[Start of Attachment]

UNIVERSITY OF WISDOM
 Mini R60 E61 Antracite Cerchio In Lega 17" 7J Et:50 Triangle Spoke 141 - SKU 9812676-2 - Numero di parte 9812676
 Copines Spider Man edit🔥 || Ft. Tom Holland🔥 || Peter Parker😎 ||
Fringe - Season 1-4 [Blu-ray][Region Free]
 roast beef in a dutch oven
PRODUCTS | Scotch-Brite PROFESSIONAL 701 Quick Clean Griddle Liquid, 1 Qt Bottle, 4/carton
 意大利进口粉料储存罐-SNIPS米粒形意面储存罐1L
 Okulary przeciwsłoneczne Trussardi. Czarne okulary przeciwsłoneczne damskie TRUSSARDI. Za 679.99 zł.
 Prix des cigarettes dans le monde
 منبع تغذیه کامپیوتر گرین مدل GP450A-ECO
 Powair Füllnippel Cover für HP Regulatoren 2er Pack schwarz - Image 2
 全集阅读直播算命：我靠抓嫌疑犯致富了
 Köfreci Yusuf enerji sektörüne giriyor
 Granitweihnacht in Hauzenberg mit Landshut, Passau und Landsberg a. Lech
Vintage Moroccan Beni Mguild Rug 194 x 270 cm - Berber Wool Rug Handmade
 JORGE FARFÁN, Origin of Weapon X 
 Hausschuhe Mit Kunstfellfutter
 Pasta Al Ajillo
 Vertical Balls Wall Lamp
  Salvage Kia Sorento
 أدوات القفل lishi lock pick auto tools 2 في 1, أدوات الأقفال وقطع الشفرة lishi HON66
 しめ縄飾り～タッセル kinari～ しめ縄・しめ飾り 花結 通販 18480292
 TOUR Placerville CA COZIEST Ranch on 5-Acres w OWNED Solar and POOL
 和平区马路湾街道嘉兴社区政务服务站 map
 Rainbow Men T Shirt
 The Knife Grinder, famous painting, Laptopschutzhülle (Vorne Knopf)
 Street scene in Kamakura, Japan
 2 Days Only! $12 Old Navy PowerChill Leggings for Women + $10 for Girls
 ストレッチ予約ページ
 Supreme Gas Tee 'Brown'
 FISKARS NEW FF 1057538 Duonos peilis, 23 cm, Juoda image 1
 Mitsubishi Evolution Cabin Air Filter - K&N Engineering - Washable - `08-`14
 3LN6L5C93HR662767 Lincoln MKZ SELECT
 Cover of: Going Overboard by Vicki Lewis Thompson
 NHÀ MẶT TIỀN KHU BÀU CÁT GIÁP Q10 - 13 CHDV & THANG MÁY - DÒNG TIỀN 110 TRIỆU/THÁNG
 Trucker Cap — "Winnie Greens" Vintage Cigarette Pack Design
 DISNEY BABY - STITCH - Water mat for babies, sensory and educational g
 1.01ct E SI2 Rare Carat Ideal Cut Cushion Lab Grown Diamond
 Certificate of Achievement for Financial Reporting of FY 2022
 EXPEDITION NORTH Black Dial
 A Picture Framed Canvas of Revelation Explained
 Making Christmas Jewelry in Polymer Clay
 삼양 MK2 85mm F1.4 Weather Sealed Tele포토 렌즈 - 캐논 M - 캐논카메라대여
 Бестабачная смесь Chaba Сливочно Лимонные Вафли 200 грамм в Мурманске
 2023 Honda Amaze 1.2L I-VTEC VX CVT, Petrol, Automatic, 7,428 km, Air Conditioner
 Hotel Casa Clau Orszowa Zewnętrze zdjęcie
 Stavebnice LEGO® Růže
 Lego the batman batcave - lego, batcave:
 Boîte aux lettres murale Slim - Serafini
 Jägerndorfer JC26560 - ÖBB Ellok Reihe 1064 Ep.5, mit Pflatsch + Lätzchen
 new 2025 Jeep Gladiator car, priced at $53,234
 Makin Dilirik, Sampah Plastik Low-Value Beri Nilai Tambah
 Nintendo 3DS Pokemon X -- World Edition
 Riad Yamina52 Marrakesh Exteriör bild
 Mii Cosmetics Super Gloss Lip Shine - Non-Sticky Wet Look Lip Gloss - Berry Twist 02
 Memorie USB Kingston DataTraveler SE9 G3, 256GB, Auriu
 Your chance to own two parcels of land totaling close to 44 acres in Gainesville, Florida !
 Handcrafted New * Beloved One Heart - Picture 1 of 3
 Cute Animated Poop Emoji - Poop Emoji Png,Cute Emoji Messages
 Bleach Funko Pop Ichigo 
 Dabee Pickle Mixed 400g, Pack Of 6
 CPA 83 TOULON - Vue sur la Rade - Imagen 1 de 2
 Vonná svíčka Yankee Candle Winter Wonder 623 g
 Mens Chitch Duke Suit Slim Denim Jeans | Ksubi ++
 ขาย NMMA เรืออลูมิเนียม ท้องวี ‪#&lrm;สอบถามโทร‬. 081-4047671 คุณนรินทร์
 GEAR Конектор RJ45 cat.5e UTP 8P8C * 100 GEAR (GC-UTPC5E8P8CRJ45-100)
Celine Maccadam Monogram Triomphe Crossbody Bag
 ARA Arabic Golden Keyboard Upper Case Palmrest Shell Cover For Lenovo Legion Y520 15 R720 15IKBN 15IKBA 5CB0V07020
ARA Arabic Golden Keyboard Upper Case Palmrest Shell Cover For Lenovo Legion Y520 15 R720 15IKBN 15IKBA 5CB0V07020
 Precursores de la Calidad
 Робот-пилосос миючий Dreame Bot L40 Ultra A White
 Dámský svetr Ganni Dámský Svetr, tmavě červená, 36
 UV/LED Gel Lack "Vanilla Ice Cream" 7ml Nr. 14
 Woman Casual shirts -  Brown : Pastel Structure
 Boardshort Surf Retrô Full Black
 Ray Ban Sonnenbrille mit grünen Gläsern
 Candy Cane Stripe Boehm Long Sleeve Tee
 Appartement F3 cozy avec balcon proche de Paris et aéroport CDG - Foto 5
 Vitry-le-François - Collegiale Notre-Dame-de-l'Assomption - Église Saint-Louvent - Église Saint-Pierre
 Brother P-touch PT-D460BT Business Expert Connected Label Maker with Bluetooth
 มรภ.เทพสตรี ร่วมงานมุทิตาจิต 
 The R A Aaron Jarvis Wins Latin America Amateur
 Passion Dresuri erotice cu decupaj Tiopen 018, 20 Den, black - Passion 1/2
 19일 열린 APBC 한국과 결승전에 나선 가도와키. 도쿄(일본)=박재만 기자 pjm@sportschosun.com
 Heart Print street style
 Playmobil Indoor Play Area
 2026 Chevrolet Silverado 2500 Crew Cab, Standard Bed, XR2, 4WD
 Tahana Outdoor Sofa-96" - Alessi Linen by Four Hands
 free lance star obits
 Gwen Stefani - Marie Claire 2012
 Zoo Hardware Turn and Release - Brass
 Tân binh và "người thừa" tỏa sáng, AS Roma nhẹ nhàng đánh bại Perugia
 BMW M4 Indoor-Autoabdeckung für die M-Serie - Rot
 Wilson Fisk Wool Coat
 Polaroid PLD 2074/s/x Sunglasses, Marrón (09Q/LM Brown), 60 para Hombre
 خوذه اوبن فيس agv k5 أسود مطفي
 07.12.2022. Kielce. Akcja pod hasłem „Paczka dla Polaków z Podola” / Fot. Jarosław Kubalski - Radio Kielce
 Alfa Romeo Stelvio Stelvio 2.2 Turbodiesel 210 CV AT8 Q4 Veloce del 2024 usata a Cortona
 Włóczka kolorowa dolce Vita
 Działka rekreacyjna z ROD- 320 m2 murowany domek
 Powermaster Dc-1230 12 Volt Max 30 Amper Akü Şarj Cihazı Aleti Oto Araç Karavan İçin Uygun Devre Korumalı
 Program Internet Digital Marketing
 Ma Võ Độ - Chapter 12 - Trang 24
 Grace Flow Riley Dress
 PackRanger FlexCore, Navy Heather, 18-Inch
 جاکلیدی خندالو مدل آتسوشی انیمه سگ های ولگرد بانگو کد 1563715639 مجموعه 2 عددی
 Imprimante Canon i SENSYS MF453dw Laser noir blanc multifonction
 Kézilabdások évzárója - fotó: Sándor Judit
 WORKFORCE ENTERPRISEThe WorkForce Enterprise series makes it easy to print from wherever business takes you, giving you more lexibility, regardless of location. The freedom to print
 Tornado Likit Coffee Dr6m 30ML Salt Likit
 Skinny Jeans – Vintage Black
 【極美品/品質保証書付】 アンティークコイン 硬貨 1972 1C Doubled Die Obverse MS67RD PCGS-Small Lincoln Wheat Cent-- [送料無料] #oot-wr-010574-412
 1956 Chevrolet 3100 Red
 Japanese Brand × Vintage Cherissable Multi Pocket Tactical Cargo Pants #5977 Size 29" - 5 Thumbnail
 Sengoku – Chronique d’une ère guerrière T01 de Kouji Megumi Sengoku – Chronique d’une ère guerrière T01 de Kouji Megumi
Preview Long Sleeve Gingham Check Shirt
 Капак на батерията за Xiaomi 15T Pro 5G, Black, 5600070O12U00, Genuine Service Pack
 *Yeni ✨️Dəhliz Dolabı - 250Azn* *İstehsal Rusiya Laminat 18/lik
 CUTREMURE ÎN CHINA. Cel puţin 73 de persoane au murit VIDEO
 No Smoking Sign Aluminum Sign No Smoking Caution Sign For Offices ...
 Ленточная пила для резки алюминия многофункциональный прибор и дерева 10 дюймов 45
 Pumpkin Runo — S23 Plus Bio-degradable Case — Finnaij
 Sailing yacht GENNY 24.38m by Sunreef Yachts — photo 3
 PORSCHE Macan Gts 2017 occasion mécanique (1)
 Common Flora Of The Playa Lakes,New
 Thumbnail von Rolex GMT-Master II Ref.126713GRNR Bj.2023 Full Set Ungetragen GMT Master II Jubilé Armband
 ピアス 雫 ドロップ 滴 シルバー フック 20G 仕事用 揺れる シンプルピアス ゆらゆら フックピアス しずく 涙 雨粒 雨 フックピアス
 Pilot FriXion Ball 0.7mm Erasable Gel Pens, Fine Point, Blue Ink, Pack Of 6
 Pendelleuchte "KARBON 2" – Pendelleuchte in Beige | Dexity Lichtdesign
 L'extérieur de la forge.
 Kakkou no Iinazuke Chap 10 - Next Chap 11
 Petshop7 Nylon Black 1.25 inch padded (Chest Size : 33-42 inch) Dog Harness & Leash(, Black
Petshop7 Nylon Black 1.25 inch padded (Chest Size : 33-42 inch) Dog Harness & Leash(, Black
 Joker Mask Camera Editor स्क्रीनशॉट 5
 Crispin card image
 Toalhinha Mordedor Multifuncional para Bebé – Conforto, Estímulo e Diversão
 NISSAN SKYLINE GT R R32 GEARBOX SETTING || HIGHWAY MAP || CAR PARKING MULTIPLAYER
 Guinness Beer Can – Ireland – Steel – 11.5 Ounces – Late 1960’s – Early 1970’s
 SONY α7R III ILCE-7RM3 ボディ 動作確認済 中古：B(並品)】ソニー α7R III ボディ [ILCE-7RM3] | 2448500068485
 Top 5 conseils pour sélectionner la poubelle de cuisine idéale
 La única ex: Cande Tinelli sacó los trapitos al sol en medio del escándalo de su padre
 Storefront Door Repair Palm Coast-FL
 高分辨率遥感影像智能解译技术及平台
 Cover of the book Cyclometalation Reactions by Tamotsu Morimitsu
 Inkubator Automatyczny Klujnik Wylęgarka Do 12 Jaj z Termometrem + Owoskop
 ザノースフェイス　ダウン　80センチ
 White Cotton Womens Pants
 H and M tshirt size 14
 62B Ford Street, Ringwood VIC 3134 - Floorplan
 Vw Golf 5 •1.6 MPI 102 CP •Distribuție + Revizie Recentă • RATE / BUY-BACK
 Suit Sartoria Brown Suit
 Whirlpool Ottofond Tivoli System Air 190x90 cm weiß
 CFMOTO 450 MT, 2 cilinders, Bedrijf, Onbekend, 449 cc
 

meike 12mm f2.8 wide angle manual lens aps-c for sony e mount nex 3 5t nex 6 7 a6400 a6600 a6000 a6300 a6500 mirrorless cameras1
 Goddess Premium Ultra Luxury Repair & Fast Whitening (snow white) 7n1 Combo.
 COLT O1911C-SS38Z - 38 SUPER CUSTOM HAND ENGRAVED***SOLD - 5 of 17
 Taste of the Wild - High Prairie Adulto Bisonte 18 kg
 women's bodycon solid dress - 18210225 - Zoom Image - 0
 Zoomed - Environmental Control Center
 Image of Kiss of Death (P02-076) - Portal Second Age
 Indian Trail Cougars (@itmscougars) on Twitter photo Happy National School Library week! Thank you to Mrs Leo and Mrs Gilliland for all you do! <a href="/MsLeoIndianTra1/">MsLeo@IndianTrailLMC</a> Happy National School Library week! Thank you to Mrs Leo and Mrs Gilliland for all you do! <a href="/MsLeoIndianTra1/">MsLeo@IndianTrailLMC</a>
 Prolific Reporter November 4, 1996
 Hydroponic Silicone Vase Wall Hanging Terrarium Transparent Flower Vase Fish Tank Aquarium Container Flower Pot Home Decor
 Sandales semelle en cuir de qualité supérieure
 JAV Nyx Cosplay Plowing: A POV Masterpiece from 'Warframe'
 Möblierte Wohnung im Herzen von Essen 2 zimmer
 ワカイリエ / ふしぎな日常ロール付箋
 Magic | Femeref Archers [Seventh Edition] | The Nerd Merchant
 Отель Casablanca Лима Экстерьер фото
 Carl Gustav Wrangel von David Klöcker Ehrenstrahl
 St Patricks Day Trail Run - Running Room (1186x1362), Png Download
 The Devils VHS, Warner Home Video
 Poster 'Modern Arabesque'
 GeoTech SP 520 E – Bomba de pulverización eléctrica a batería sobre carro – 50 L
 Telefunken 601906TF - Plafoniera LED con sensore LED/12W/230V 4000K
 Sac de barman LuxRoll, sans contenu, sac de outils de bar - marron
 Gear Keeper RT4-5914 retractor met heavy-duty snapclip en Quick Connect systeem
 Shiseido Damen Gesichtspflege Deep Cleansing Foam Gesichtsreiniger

[End of Attachment]

### Work order:
Gather every line from the listing above in which "Slim" appears, and copy those lines.

### Response area:
 Boîte aux lettres murale Slim - Serafini
 Mens Chitch Duke Suit Slim Denim Jeans | Ksubi ++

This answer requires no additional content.